In 1940, Bennett joined the Army. In 1942, he was commissioned a second lieutenant. He served fourteen months in Europe and returned to the United States for pilot training. Toward the end of World War II, he was redeployed to the South Pacific as the commander of a B-29. In thirty missions over Japan, he earned the Distinguished Flying Cross, the Air Medal with three clusters, and a Bronze Star. After the war, Bennett attended Vanderbilt University Law School, earning a degree in 1949. South Arkansas voters elected him prosecuting attorney of the Thirteenth Judicial Circuit in 1952 and 1954. He was elected attorney general in 1956, 1958, 1962, and 1964, before losing to Joe Purcell in the 1966 Democratic primary. Bennett ran unsuccessfully for governor in 1960 and 1968.

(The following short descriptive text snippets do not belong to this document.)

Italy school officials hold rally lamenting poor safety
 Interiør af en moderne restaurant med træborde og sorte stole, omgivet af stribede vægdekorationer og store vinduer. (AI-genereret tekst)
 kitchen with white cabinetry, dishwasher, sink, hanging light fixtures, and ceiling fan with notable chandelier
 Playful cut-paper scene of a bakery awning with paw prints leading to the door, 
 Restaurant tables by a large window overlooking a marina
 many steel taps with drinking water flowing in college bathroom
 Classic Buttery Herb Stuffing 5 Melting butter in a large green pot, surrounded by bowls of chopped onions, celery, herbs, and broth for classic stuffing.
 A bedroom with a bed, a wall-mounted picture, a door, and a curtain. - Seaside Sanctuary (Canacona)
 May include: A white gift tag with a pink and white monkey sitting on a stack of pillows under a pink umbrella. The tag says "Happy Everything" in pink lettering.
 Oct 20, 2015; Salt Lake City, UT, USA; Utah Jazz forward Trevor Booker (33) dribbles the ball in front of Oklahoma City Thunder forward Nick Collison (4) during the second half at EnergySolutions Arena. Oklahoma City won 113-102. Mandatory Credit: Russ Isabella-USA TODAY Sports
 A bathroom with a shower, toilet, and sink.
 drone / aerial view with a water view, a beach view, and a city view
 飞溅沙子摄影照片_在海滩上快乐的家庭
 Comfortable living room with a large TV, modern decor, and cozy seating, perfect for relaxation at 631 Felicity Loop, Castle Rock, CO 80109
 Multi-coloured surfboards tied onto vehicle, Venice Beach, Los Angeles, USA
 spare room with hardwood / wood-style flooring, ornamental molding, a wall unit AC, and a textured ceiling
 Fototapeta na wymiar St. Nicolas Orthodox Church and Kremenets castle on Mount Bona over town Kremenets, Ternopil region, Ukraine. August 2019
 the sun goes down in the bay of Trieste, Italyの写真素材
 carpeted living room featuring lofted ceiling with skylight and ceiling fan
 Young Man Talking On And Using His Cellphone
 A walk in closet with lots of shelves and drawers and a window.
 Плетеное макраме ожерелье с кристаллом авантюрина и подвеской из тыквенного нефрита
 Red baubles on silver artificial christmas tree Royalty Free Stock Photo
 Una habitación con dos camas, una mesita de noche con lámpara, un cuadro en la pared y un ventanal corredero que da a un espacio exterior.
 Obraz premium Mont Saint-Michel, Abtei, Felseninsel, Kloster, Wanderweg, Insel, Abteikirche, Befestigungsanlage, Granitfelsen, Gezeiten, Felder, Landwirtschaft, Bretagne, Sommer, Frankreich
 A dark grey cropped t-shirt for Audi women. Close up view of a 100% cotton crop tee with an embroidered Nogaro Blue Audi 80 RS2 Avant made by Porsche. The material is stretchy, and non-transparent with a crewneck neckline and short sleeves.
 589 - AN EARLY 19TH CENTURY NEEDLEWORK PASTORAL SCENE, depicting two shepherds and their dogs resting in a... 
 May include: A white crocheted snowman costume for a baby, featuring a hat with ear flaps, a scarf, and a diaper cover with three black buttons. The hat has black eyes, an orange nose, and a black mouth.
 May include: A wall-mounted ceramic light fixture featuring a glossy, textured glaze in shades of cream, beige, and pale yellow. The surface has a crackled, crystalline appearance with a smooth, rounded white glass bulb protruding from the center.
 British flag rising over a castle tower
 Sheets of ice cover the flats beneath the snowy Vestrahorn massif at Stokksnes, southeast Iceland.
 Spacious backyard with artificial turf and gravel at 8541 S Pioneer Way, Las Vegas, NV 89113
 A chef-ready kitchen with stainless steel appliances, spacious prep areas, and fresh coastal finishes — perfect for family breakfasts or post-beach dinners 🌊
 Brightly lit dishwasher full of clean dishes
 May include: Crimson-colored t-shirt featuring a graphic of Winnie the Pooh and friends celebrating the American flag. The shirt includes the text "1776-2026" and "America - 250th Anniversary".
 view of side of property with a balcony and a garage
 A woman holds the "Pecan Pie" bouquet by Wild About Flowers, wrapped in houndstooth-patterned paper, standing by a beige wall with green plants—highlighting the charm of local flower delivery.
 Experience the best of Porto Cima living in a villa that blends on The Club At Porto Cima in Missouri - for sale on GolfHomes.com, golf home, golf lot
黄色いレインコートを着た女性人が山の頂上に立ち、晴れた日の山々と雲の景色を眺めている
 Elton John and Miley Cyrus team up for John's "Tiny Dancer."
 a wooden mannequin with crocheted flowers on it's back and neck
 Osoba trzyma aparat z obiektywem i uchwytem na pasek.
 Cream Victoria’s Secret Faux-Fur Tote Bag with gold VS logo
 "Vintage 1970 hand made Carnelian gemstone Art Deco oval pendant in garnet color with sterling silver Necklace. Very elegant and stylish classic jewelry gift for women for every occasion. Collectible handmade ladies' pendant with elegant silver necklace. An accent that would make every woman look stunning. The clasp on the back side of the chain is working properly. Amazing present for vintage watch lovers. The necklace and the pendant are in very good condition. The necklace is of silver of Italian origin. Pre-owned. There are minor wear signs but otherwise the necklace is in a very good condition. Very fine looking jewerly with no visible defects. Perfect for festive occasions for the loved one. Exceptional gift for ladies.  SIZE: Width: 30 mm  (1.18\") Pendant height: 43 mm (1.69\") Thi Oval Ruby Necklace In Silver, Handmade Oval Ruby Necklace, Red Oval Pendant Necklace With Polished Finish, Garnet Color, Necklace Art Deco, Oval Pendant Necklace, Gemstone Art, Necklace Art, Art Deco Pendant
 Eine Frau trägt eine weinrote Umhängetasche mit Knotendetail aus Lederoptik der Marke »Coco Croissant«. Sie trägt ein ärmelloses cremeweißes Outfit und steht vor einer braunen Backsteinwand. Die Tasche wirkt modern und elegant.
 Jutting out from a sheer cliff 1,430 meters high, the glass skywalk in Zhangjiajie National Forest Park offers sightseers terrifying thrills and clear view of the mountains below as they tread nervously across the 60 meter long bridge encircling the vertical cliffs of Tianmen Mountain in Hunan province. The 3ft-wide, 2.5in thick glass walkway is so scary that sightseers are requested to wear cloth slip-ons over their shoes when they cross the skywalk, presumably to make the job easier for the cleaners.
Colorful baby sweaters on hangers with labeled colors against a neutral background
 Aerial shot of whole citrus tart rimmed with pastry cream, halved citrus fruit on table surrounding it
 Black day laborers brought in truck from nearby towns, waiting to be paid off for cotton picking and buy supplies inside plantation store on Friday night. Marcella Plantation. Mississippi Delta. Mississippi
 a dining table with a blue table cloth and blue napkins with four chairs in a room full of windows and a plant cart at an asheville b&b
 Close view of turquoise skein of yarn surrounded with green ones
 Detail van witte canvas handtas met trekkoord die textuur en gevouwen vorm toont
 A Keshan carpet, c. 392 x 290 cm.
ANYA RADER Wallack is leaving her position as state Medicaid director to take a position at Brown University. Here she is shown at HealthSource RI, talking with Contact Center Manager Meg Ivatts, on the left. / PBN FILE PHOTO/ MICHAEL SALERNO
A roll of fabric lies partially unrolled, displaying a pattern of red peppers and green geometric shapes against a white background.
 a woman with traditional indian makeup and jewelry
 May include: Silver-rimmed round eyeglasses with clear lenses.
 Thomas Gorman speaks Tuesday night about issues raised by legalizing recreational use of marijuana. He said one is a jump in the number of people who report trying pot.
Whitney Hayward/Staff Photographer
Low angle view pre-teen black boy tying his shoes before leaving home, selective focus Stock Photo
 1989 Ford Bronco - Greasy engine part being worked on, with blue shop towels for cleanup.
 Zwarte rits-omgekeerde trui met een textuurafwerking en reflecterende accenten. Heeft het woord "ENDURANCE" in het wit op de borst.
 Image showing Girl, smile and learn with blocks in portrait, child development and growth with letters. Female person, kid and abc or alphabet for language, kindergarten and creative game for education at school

In 1958, Bennett shared the spotlight with Governor Orval Faubus when he authored a set of bills “designed to harass” civil rights protestors he considered “the enemies of America.” The bills specifically targeted the NAACP, preventing the group from providing legal counsel or funding lawsuits in the state, opening NAACP membership lists and personnel records to state scrutiny, and preventing NAACP members from becoming state employees.
Like many Southerners, Bennett publicly associated the NAACP with an international communist conspiracy in order to discredit its desegregation efforts. He painted the civil rights movement “red” in public hearings of the Arkansas Legislative Council’s Special Education Committee and as an “expert” witness in Tennessee. Bennett’s claims extended to any opponent of his views. During his 1960 segregationist campaign for governor, he accused Faubus, the resister of desegregation in Little Rock, of being a secret ally of state NAACP leader Daisy Bates.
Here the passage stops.